I see that it took Rick about three hours to pin down the correct
analysis of Bruce's program. I've just looked at it, and I agree with
Rick. It's a nice program, it works, and it is a control-system program
-- but it doesn't have any reinforcement in it. Furthermore, the attempt
to introduce reinforcement by letting past experience carry over into
the present causes a deterioration in performance. I will, of course,
elaborate.

In a repetitive situation, "probability" translates into frequency or
inverse delay. On every iteration, there is a chance that a tumble will
occur. The mean delay to the next tumble is the probability of no tumble
on a given iteration raised to the power that gives a probability of
0.5, so

(1) t = ln(0.5)/(ln(Pr)) where t is measured in iterations.

The two steps

      if pTumbleGivenSplus > pMin then
          pTumbleGivenSplus := pTumbleGivenSplus - LearnRate;
and
      if pTumbleGivenSminus < pMax then
          pTumbleGivenSminus := pTumbleGivenSminus + LearnRate;

have the effect of maintaining the total probability of a tumble between
the limits pMin and pMax. pMin is 0.001, and pMax is 0.5. If the
gradient is positive, pTumbleGivenSPlus is gradually decreased toward
pMin, iteration by iteration. From Eq. (1) we can see that this will
decrease Pr, and thus increase t -- the next tumble will be delayed. By
the same reasoning, if the gradient is negative, the next tumble will
occur sooner. The effect is nonlinear, but as with most control systems,
the system works anyway.

The "learning" that takes place occurs in the interval between one
tumble and the next one. Its only effect is to increase and decrease the
delay to the next tumble based on the _current_ sensed gradient. In my
implementation the same thing occurs, but much more simply:

DeltaT := gain*(ref - dNut);
T := T + T0 + DeltaT;
if T > Tmax then tumble;

T0 is a baseline tumbling rate. Of course T has to be kept from going
negative. If you make gain very large, so a single DeltaT is enough to
switch from a very long delay to zero delay, this reduces to your first
program.

Your model will work just as mine does, although not as efficiently
because it is set to slow down the adjustment of delay so that a number
of iterations is required to make any substantial change in the delay.

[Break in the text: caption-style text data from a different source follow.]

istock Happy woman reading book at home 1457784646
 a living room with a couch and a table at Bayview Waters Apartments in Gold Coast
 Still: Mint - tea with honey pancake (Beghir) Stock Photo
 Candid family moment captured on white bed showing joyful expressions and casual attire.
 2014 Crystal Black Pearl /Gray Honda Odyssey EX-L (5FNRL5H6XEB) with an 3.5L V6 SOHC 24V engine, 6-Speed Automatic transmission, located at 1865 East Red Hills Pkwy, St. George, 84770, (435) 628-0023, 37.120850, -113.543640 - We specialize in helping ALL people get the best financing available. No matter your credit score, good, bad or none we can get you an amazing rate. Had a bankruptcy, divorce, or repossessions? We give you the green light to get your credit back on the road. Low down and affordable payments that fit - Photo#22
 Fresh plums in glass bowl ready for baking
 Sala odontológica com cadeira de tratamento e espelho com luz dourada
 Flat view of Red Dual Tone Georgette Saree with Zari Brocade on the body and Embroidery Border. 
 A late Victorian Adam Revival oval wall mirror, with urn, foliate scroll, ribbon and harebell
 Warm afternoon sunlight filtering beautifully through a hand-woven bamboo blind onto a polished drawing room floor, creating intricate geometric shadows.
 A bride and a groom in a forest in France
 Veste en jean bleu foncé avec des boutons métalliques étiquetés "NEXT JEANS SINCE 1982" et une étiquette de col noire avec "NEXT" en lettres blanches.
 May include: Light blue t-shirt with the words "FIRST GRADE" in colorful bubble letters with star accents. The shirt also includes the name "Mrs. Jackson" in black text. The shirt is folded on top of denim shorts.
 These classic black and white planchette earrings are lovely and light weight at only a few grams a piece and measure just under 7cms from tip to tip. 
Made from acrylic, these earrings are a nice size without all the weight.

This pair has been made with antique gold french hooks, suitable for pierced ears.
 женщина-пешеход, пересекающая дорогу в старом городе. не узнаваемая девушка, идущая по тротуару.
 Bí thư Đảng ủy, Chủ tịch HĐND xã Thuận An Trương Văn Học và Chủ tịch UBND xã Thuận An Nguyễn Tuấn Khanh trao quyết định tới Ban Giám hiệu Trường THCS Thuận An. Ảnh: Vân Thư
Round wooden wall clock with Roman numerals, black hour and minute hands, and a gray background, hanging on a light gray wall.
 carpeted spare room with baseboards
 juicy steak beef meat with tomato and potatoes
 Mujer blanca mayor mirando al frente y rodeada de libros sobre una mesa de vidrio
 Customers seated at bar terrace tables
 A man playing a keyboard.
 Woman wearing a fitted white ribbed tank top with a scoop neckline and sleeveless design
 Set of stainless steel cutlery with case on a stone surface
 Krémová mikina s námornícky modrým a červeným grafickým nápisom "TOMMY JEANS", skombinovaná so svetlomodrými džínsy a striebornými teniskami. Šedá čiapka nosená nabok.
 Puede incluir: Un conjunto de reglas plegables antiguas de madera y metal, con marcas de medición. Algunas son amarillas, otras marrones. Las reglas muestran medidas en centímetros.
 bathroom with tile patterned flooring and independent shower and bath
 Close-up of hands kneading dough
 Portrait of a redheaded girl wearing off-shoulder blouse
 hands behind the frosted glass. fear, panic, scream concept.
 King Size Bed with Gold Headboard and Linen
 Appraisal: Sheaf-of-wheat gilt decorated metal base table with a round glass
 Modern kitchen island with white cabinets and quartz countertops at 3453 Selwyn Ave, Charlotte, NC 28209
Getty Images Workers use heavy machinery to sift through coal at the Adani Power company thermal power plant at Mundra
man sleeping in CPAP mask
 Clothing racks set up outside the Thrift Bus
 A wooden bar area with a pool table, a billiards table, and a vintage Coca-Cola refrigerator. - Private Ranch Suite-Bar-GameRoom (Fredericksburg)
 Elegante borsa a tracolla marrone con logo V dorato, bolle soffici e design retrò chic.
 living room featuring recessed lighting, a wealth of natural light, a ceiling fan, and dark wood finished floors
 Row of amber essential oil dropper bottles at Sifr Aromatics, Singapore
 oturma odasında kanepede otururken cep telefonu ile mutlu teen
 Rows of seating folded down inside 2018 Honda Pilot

You use a very small value for LearnRate, presumably so the effect will
carry over from tumble to tumble. This, however, greatly reduces the
efficiency of goal-seeking. If you change LearnRate from 0.00005 to 0.05
(larger by a factor of 1000), you will find the approach to the goal
very much faster, with a far smaller range of random movement around the
goal once it is reached. This is because you _remove_ the carryover from
one tumble to the next. Since any given probability of a tumble is
followed, at random, by either better or worse results, allowing a
carryover of values of the probabilities means that half the time the
next delay will be wrong. Speeding up the "learning" so it is complete
within a fraction of the tumble delay means that you remove this
carryover from one tumble to the next, and that makes the delay
appropriate to the _current_ conditions, not the past conditions. The
dramatic improvement in speed of reaching the target shows the removal
of incorrect delays.

The approach could be made even more efficient by using my systematic
method (or yours) rather than a probabilistic way of adjusting the
delay. With a probabilistic method, if dNut is positive, which should
always call for a long delay, sometimes a short delay will occur, with
about a 50% chance that the next direction of movement will be
unfavorable. Going to a systematic method of adjusting the delay, as
above, or as in your first simulation, will remove those wrong delay-
lengths, and further improve the performance.

If you make the learning rate even smaller than in your initialization,
so that the adjustment of delay is more and more influenced by past
experience in relation to current experience, the performance will
simply get worse and worse, until you approach a random walk.

I also agree with Rick's approval of your modeling approach. When you
lay out your hypothesis in the form of a working model, you make
evaluation of the huypothesis orders of magnitude easier than it would
be if presented only in words.

···

----------------------------------------------------------------------
Best,

Bill P.